(NCRegister/InfoCatólica) Monseñor André-Joseph Léonard, arzobispo emérito de Bruselas-Malinas y antiguo primado de Bélgica, acaba de publicar un libro que sin duda no pasará desapercibido en el mundo católico.
L'Eglise dans tous ses états: 50 ans de débats autour de la foi («La Iglesia en todos sus estados: 50 años de debates en torno a la fe») se presenta como un relato autobiográfico a través del cual su autor ofrece un análisis sin concesiones de los acontecimientos que han tenido lugar en la Iglesia en las últimas cinco décadas: desde las derivas teológicas y pastorales que marcaron el periodo posterior al Vaticano II hasta los debates actuales en torno al Sínodo sobre la Sinodalidad y los diversos escándalos de abusos sexuales que han surgido en estos años.

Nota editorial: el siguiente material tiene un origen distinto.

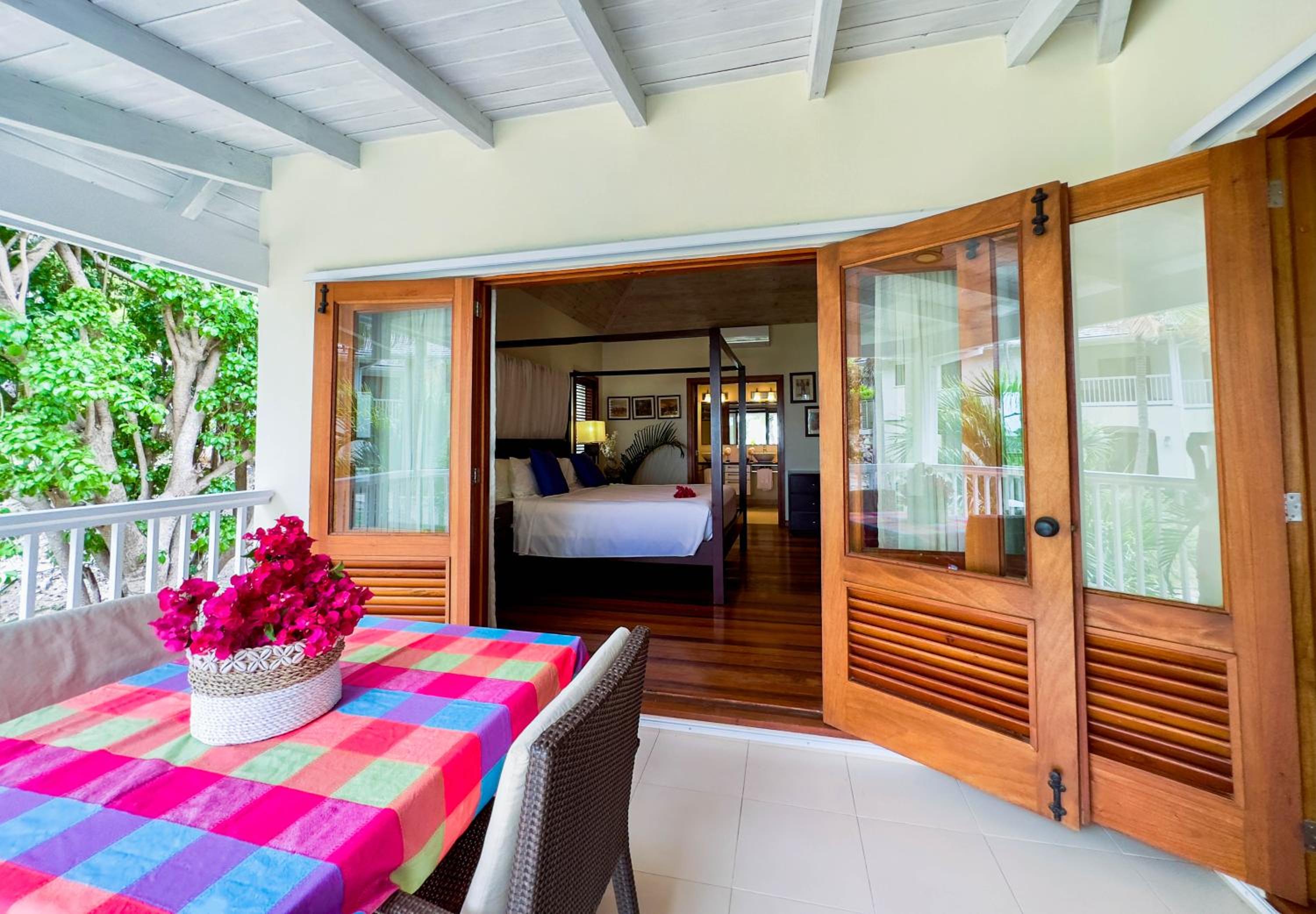 The Hideaway 1-Bedroom Suite, Pool - Beach & Restaurant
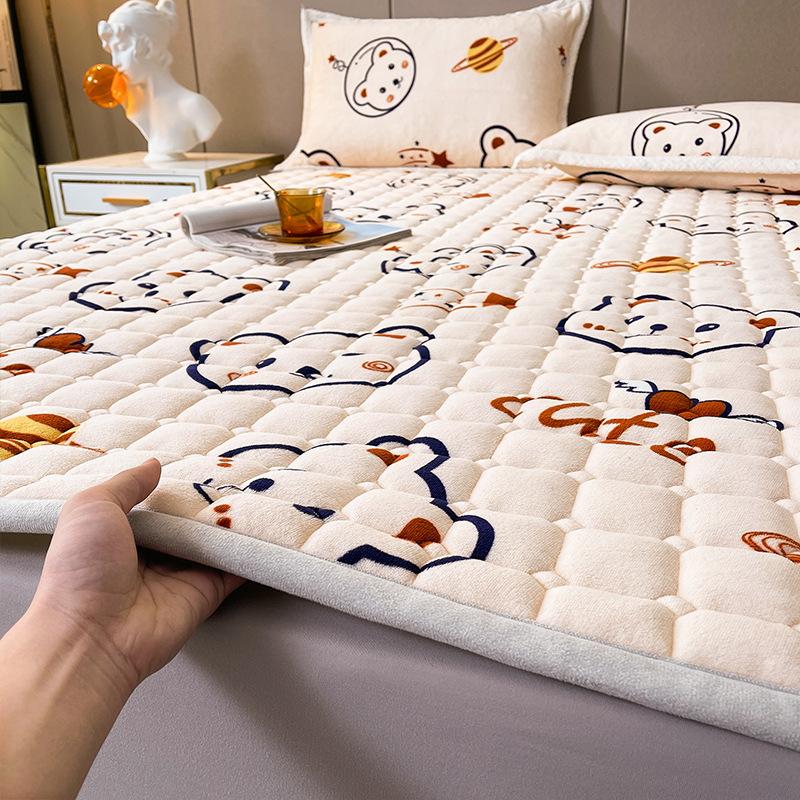 Новый молочный бархатный стеганый матрас, фланелевый утолщенный однотонный коврик-татами, защитный коврик для матраса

Nacido en 1940 y ordenado sacerdote en 1964, monseñor Léonard fue nombrado obispo de Namur en 1991 y después arzobispo de la archidiócesis de Bruselas-Malinas en 2010. Se jubiló en 2015.
Sus opiniones ortodoxas sobre cuestiones de fe y su franqueza le han valido a menudo la ira de la prensa belga. En 2013, activistas feministas del grupo Femen lo atacaron en una conferencia por equiparar la homosexualidad a un «bloqueo en el desarrollo psicológico normal» en una entrevista de 2007. Las imágenes del arzobispo rezando en silencio mientras era regado copiosamente con una manguera por las manifestantes de Femen en topless se hicieron virales.
Autor de una treintena de libros traducidos a varios idiomas, este distinguido filósofo y teólogo fue también miembro de la Comisión Teológica Internacional de 1987 a 1991, lo que le llevó a mantener numerosos encuentros con su entonces presidente, el cardenal Joseph Ratzinger - futuro Papa Benedicto XVI. También se le confió la redacción de la encíclica Fides et Ratio (Fe y Razón) de Juan Pablo II de 1998.
En esta entrevista con el Register, da su diagnóstico personal de los males que aquejan a la Iglesia y al mundo cristiano de hoy, repasa algunos de los acontecimientos que han marcado su vida como clérigo y analiza el legado de los Papas San Juan Pablo II y Benedicto XVI.
Su libro recorre los últimos 50 años de la historia de la Iglesia, de la que usted fue testigo directo. En particular, se centra mucho en las derivas posteriores al Vaticano II de las que fue testigo, sin atribuirlas directamente al Concilio. Indica que el problema no está en los textos del Concilio, sino en lo que usted llama el «metaconcilio» de los años setenta. ¿Qué quiere decir con esto?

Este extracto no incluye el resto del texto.